I am a doctor..I am physician and in seven years or so I would become a cardiologist because that's what I have always wanted...I am willing to work hard, persevere and sacrifice for my dream, even if I hardly eat or sleep..so that I can be happy in the real world and I can truly feel that others will be happy for me too..i will also exercise every day so that I can have the body that I have always dreamed of having.....
why would i do all of this? because I'm sick of daydreaming....of pretending to be someone else....i love myself and I believe i deserve better....what is real happiness ? TO LIVE and be happy IN THE REAL WORLD....
Comment
you know, that's the same problem i always had: laziness. i'm so lazy, i don't work or study because i don't like to do anything. i finished my career but i don't want to work because i'm lazy, i don't know how to do it, i hate to work and make efforts i hate it, since i was born i was lazy, i prefered to sleep rather than being in a party or in school, and i don't know how to like the pain that produce to make an effort, but i really want to have a normal life, every time i try to do something and do it for a long time, i always fail, i do it for a few days and then i stop doing it.
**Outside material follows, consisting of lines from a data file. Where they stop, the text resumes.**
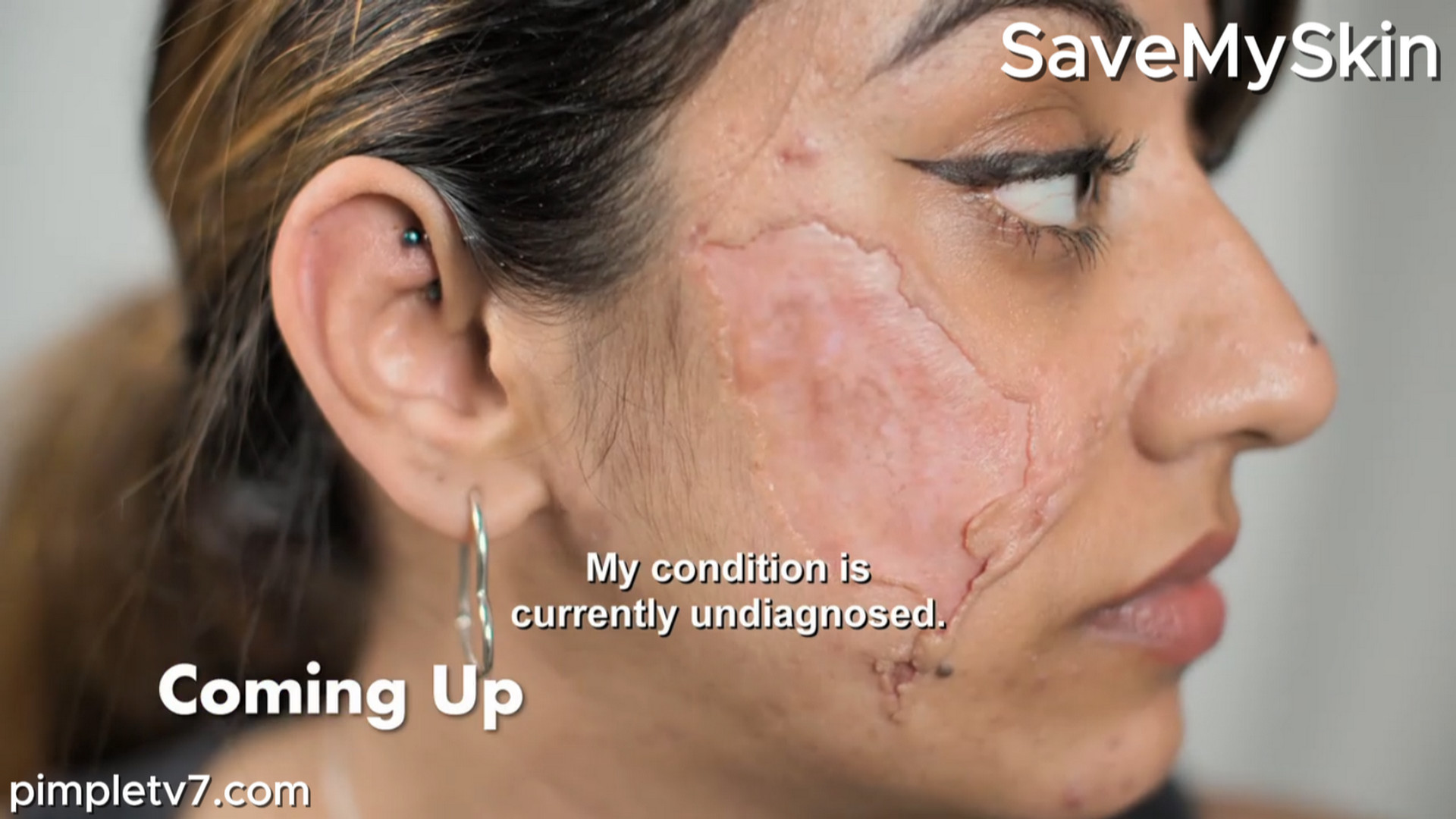 Rimi’s skin condition makes her feel like a zombie. SaveMySkin 150826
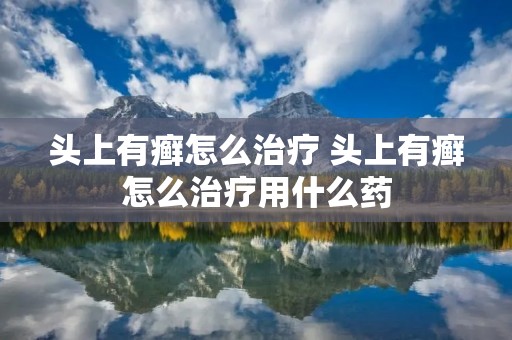 头上有癣怎么治疗 头上有癣怎么治疗用什么药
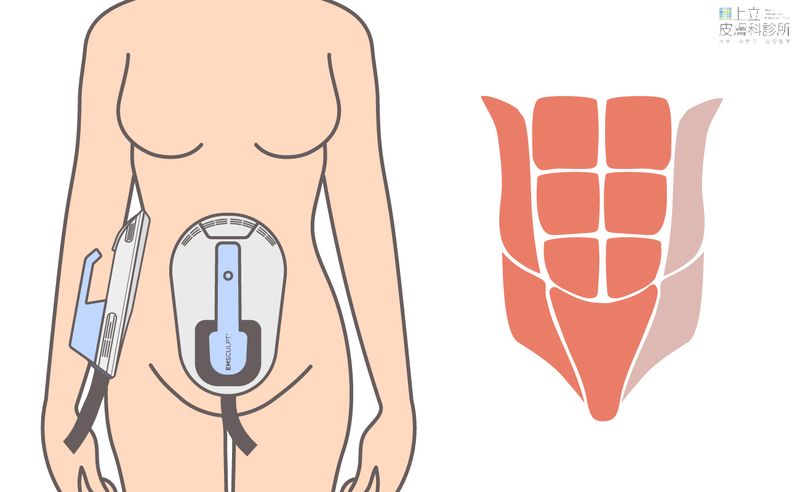 EMSCULPT可透過客製化探頭擺法，即使腹部較小的民眾也可以同時施作兩個探頭，強化腹部肌群，增加效率。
I believe God saved me from daydreaming. About a year ago I was at the point where i couldnt stop daydreaming. I daydreamed 24/7 and did not realise it was ruining my life, but God helped me to see the severity of the situation. This was before i knew the condition had a name and other people struggled with it. i know God had a reason for giving me MD. I fully believe Psalm 139:14 "I praise you because I am fearfully and wonderfully made; your works are wonderful, I know that full well." its not that I think God made a mistake and I got MD, or that He made me wrong, I dont know why He gave me this condition. I know he loves me whether im daydreaming or not but when im daydreaming all i think about is myself and the FAKE people i made up. HOW CAN I SERVE GOD IF ALL MY TIME AND ATTENTION ARE ON PRETEND THINGS???? God helped me realise this and now with Gods help I have stopped daydreaming. The temptation of entering the world I made in my mind is still there. i doubt it will ever leave but I believe God is and always will help me stay in reality so i can do what God wants me to do.